- Thailand Rolls Out Mobile Number Portability
- September 1, 2009 | Author: Utain Vichaipairojwong
- Law Firms: Mayer Brown JSM (Thailand) Limited - Bangkok Office; Mayer Brown JSM (Thailand) Limited - Chicago Office
The National Telecommunications Commission (the "NTC") passed a Regulation on Thailand's mobile number portability ("MNP"), which was announced in the Royal Gazette on 3 August 2009 and became effective the following day.
The Regulation will allow customers to switch between mobile operators while keeping their existing number.
To facilitate this, mobile operators have to mutually agree on an implementation strategy and invest in a clearing house to be operated as a consortium.
The porting process must be completed within three business days counted from the date of application.
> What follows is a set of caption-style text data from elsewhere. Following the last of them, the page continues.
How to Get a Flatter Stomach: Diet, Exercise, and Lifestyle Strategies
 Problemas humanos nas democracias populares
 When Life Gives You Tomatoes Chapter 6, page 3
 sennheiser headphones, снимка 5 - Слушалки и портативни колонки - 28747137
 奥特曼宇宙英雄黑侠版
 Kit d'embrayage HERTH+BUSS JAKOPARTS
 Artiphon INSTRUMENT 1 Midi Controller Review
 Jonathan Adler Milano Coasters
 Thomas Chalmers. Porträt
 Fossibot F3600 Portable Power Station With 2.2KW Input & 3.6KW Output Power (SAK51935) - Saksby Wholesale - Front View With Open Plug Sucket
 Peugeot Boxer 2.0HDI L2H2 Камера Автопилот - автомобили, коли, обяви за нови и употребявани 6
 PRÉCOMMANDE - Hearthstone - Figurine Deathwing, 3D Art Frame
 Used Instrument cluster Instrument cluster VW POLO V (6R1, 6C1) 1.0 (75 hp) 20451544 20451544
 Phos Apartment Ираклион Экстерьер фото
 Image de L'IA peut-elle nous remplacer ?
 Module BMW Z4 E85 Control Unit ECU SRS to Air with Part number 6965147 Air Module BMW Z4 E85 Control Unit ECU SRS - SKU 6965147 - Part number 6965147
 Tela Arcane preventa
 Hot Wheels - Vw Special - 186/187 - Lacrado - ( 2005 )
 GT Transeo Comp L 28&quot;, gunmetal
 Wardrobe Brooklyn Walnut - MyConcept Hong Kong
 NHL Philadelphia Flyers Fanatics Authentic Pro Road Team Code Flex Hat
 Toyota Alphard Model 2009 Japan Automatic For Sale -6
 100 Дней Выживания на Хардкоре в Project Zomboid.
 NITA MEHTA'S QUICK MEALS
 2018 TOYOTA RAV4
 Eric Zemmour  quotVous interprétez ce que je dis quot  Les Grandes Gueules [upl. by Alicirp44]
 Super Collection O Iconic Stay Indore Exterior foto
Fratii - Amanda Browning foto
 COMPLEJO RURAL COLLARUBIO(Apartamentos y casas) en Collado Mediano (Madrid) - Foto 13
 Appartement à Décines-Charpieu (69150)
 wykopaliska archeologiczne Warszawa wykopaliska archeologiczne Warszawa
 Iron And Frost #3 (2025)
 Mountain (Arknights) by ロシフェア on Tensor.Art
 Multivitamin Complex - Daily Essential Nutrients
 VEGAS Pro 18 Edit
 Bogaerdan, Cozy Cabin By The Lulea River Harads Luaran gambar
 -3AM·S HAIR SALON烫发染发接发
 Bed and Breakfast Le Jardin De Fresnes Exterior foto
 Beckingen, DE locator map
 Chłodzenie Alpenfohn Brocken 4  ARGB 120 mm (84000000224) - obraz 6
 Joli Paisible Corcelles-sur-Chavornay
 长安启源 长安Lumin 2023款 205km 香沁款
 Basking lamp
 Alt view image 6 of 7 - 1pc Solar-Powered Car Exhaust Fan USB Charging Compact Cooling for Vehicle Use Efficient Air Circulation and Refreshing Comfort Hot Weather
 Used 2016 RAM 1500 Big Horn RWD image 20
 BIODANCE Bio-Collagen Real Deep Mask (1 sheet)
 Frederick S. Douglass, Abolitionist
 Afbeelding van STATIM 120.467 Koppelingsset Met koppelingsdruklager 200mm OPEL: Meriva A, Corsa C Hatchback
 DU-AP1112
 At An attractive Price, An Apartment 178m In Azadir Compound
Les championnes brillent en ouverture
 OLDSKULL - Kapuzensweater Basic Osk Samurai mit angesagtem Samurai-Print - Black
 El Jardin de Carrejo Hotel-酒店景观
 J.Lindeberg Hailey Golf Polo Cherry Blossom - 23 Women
It includes verifying a user's number, checking the number status and other conditions which will be specified in a future guideline.
An operator may deny the application based on the following grounds:
i. the number was illegally acquired;
ii. national security reasons;
iii. the number is subject to a legal procedure, seizure or any lawful order; or
iv. other grounds as may be specified by future guidelines or regulations.
The new operator must notify customers of the details and procedures of the transfer and the applicable fee. It is also responsible for paying the monthly government fee for the ported mobile number from the month following the transfer. However, if a customer terminates the service after the transfer, the number shall be returned to the operator who was originally allocated the said number from the NTC.
Mobile operators must propose a joint policy setting out the details of conditions, transferring methods and preparation plans to the NTC within 30 days after the effective date of the Regulation. Once approved and finalised, this proposal will form the basis of a future NTC guideline.
MNP is scheduled to commence its service three months after the Regulation's effective date. However, various operators argue that the new service will require network upgrades, a clearing house to facilitate porting and several other arrangements that will take longer than three months to complete. They are therefore considering requesting for an extension from the NTC.
Changing numbers is a strong deterrent for switching operators. For some users, their mobile number is akin to their identity. To fight migration of subscribers to rival operators, which will be made easy by the MNP, operators have to concentrate not only on lowering their fees but also improving their quality of service. Certainly, the Regulation will encourage a new level of competitiveness among operators.
After the MNP is implemented, the NTC will study and analyse landline and geographic numbers portability, and prepare a proposal if feasible.